I continued to push my body to its limits each day at cross country practice and found myself growing stronger and faster and, of all things, winning races.  At first it was the winning part that kept me going.  I loved crossing the finish line in first, knowing that on that particular day I defeated an entire field of people in a physical challenge.  Of course, as a late bloomer, the cross country course was one of the few places where I could actually achieve such a feat.  For years it was the pure desire to win competitions that fueled my training.  Though I would dread the countless miles that I would have to log day in and day out to be great, knowing that the next competition was only a few weeks away would keep me going.

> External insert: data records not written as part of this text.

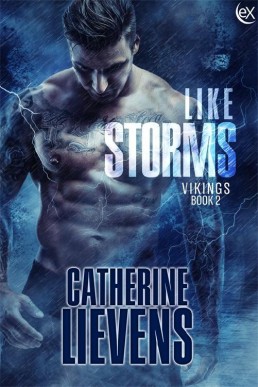 Like Storms (Vikings #2)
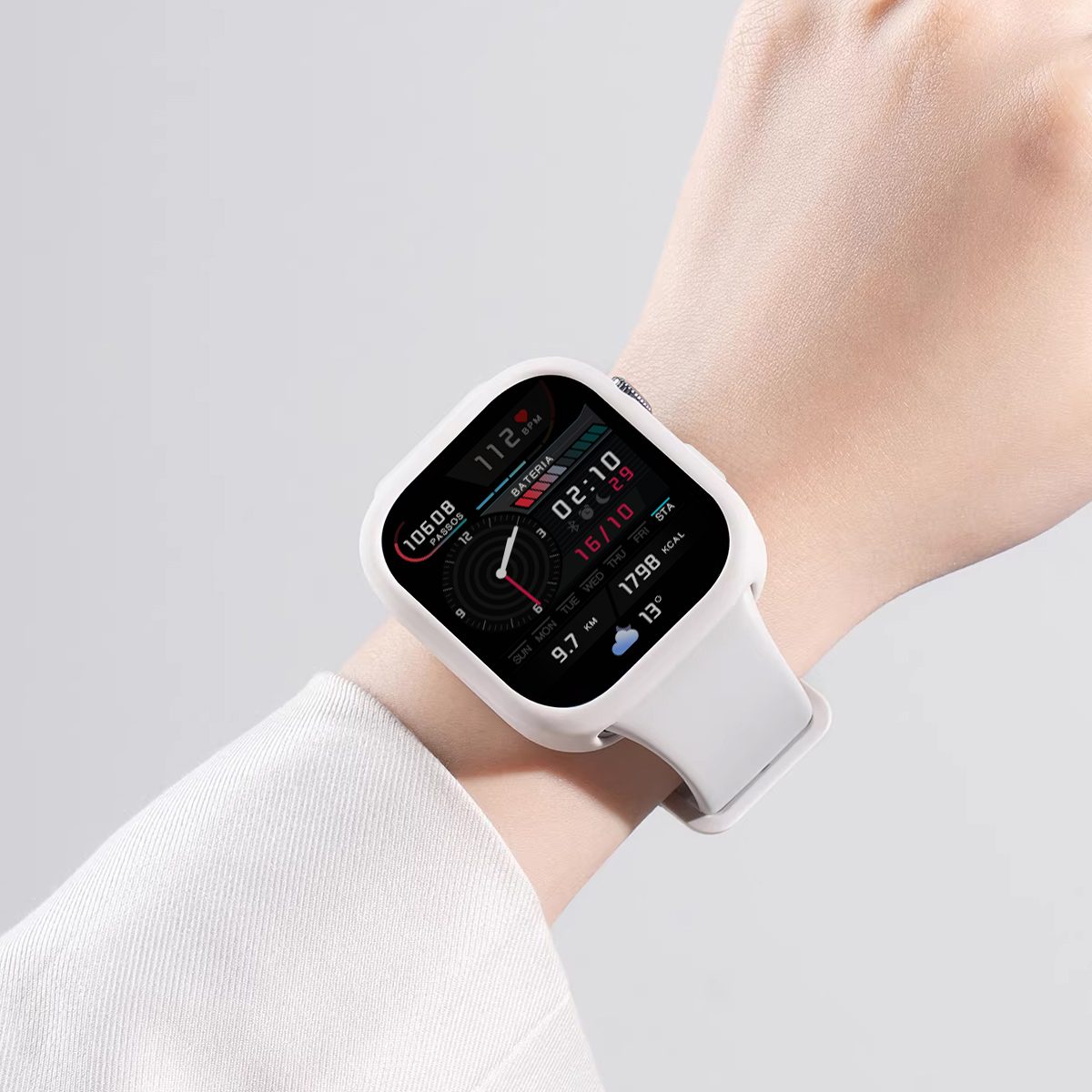 For Xiaomi Redmi watch 6 Silic - Xiaomi Smartwatch Accessories 리뷰 및 가격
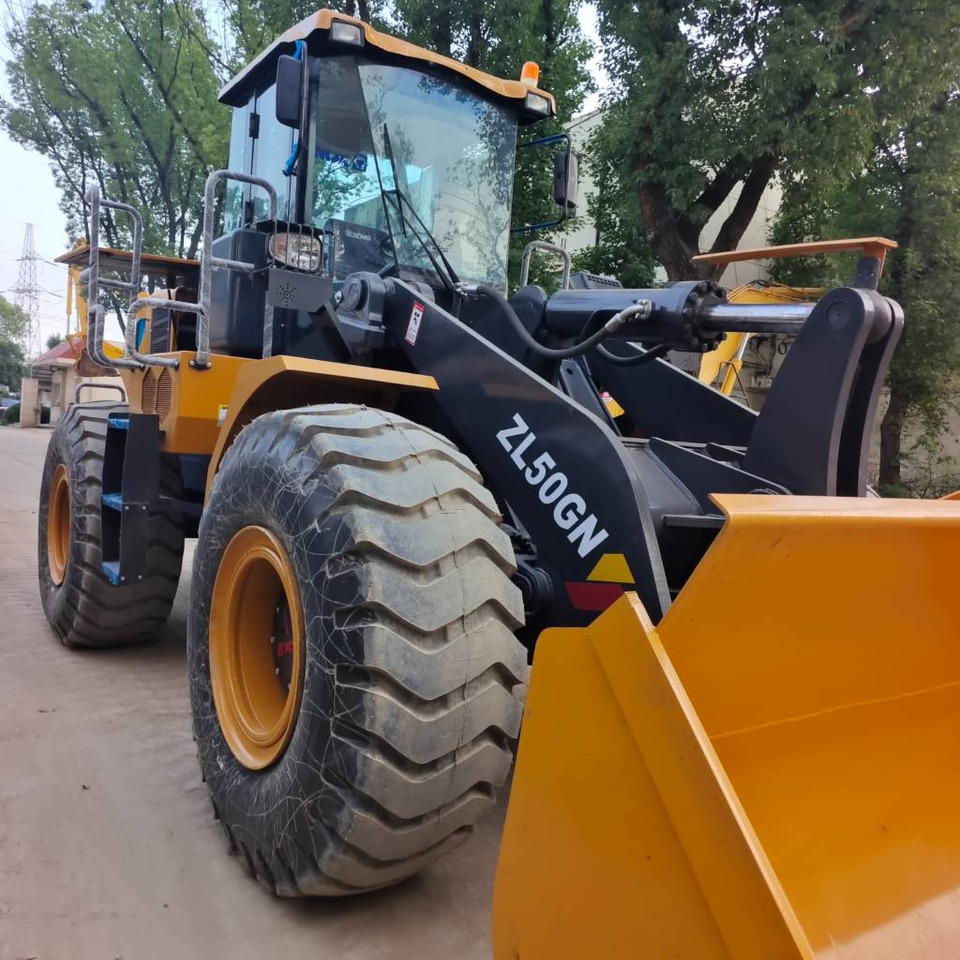 XCMG ZL 50 GN - Натоварувач на тркала: слика 3 XCMG ZL 50 GN - Натоварувач на тркала: слика 3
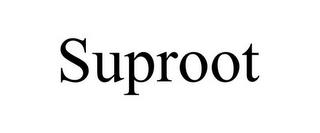 SUPROOT trademark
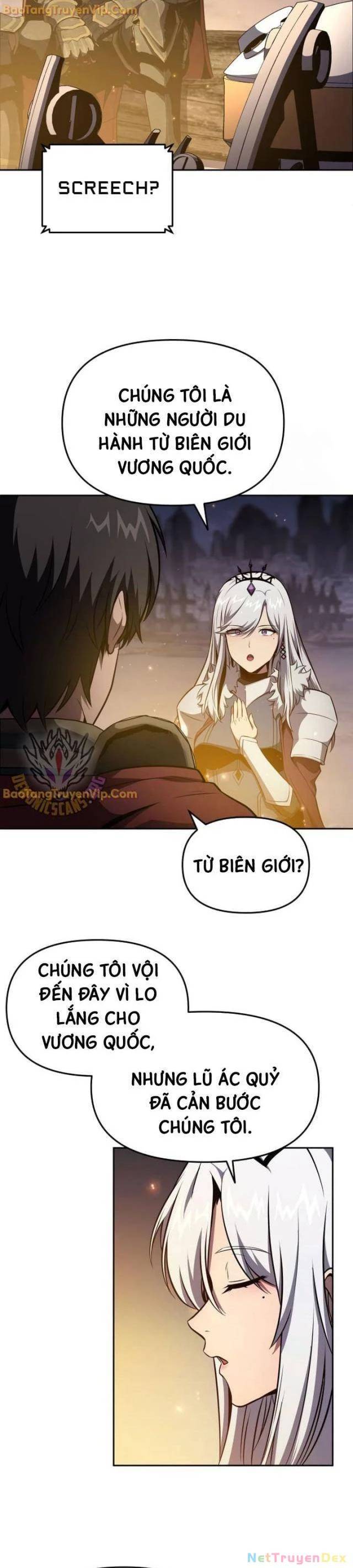 Vua Hiệp Sĩ Đã Trở Lại Với Một Vị Thần: Chapter 94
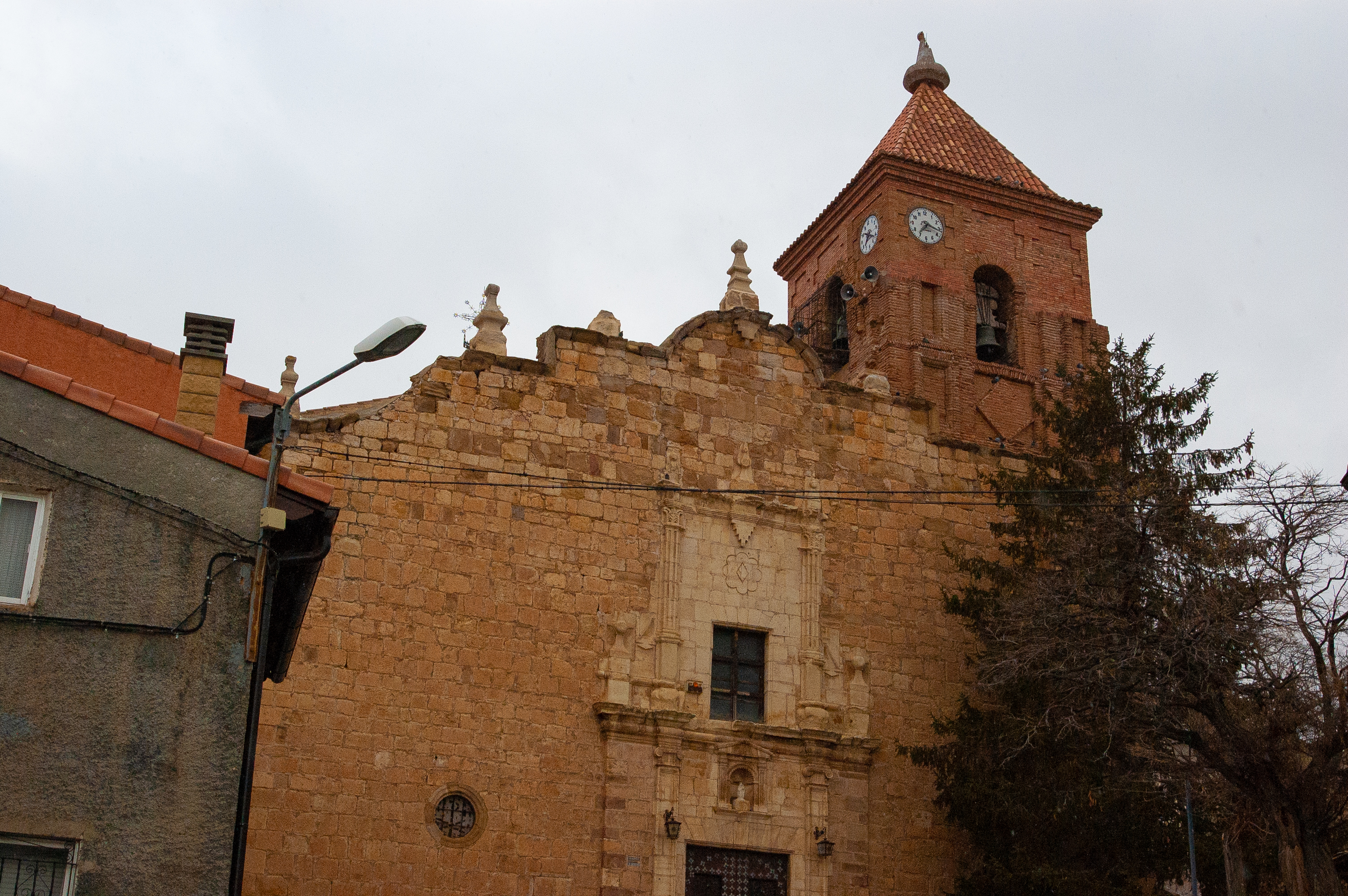Iglesia de Ojos Negros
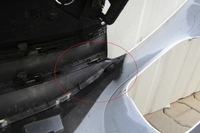 фото thumb №12, Бампер перед передний citroen c3 iii 16-19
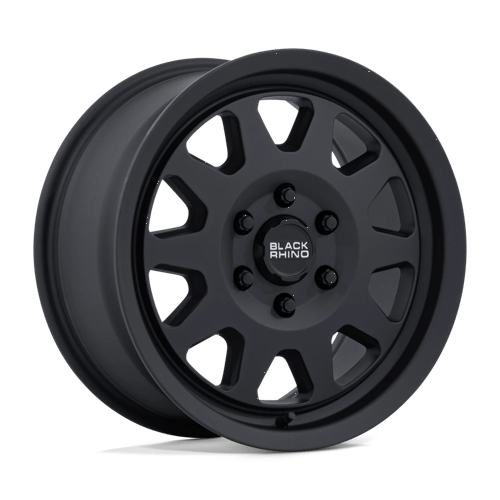 Black Rhino Hard Alloys Stadium 17" - 5-Lug 5x130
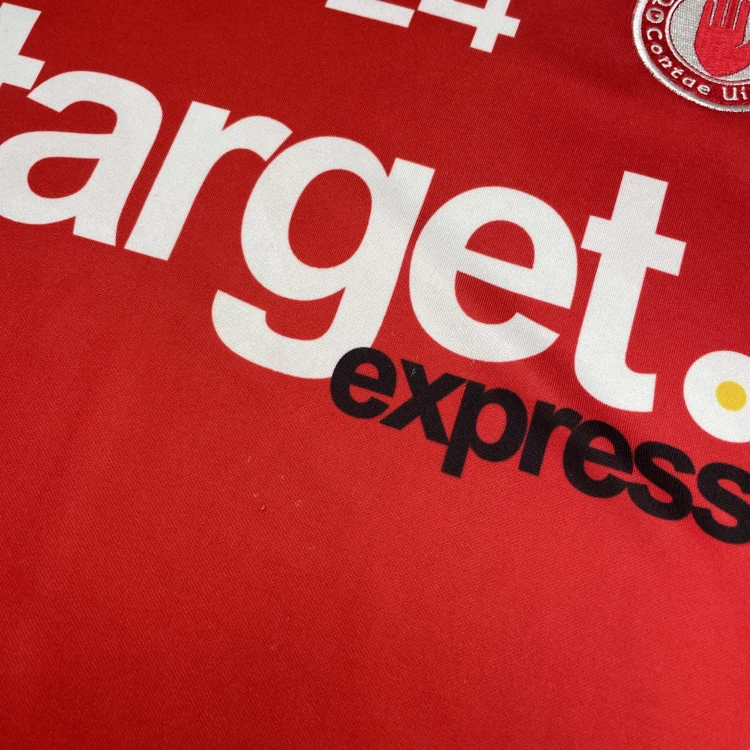 O'Neills Tyrone GAA #24 10 / 11 [L]-TF (H) • tiziano.shop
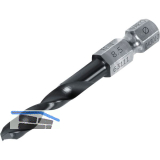 FEIN Vario Spiralbohrer HSS 64 HRC TiAlN 6-kant Schaft � 8,5 mm f�r M10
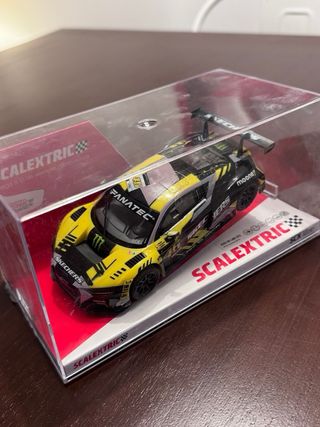 Coche Scalextric Classic Audi R8 LMS GT3 VR46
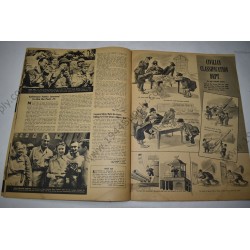 YANK magazine du 21 janvier 1944  - 4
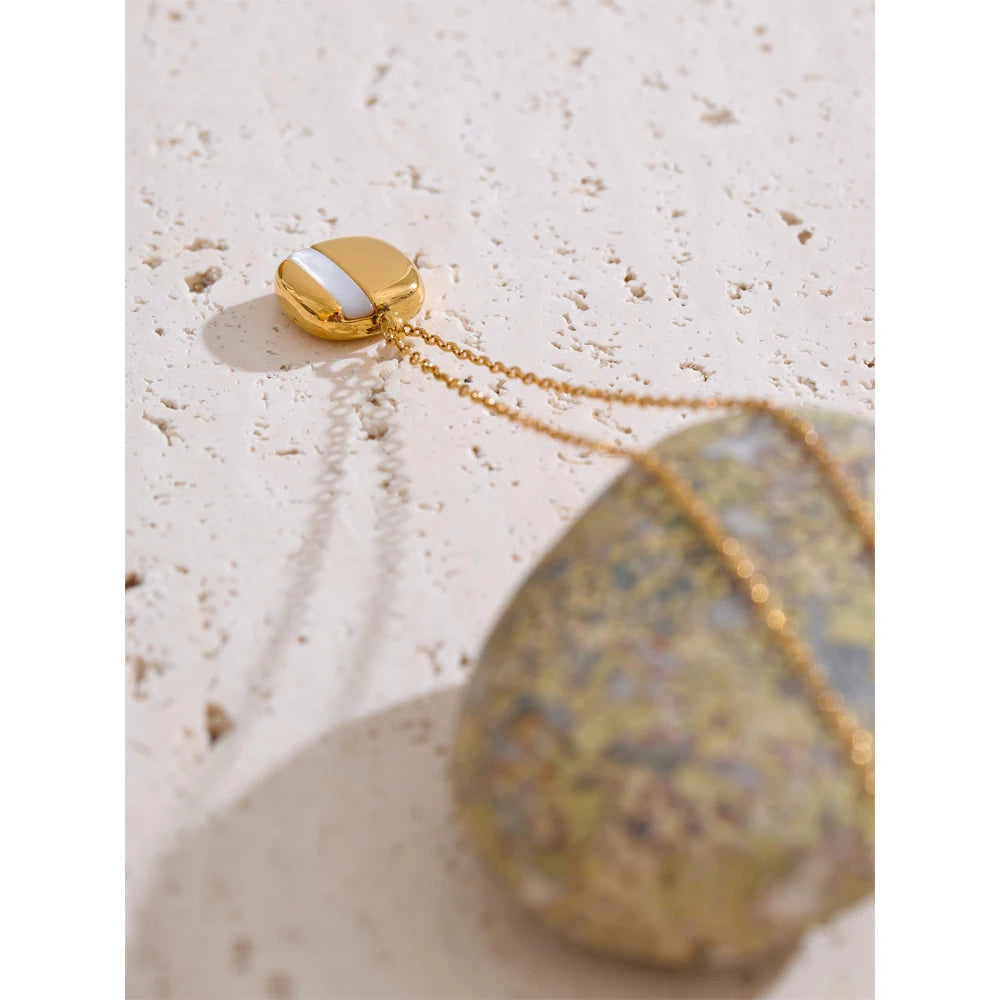 Collier Ondine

Then, somewhere along the line, everything changed.  I learned to love the training as much, if not more than the competitions. There was something incredible about going for a ten mile run and knowing that I had seen and accomplished so much, usually before noon!  Whenever I ran in a foreign city I would return to my hotel room knowing that few tourists saw the sights and places I had been; those out-of-the-way bike paths and trails that we runners eagerly search for the second we touch down in a new place.  Running a workout no longer felt like a punishment of any kind, but rather more of a challenge to surpass my prior achievements.  I got to the point where training had become so much a part of my life that my eating and sleeping cycles completely revolved around my workouts.  To this day, I live my life the same way.  I love to race and feel the rush that competition provides, but I have learned to appreciate the process and cherish the journey.